Dearest Rachel –
I’m not going to go so far as to give Mike credit for remembering; he juggles dozens of volunteers across three campuses, and all of their attendant schedules. I’m sure he’s just slotted me where and when he needed me to be, especially after giving me an extended break after working all the services between Christmas Eve through the Sunday after New Year’s. But it’s certainly true that keeping me busy in the booth is just the sort of thing to keep my mind off of the fact that this is the anniversary of our parting.
Fifty-two weeks ago, Daniel and I were standing in the front left corner of the auditorium during the early service. No one expected us to be there, but there we were. Even now, I’m surprised we made it to the early service – I had been up until three, talking to the organ bank about your medical history, and what, if anything, of yours would be useable for another patient. To this day, I don’t know which of your organs were actually used. I do have a couple of certificates, signed by the governor of Wisconsin, thanking you for your contribution, so I’m pretty sure that you helped save two people somehow. It would be rather amusing if, in one case, your skin had been grafted onto someone else, considering that you’d benefited from a skin graft after your bicycle was struck by a car back in 1998; you’d be paying that back after getting 23 years of use out of your own transplant.

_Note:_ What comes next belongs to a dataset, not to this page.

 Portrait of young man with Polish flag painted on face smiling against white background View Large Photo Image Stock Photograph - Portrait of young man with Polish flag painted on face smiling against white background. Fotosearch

Our presence in church that morning isn’t meant to be considered to our credit, however (nor is the fact that Daniel, ironically, unable to be here today – between the cold, the snow and the weeks of inactivity, your car just decided not to start – to be held against him). I’ve said it a number of times since the accident; if I couldn’t stand before God and praise Him after that moment, when the two of us had been trapped ‘in the lowest valley,’ as the song says, then I have no right to do so at any other point in my life. I’m sure that a part of it was sheer force of habit, but that at least is just another aspect of having been “train[ed] up… in the way [I] should go,” and not departing from it, even at a point at which some people might have. But if they were to give up on God for taking the love of their life away, where would they go from there, and what could they find to fix their problem?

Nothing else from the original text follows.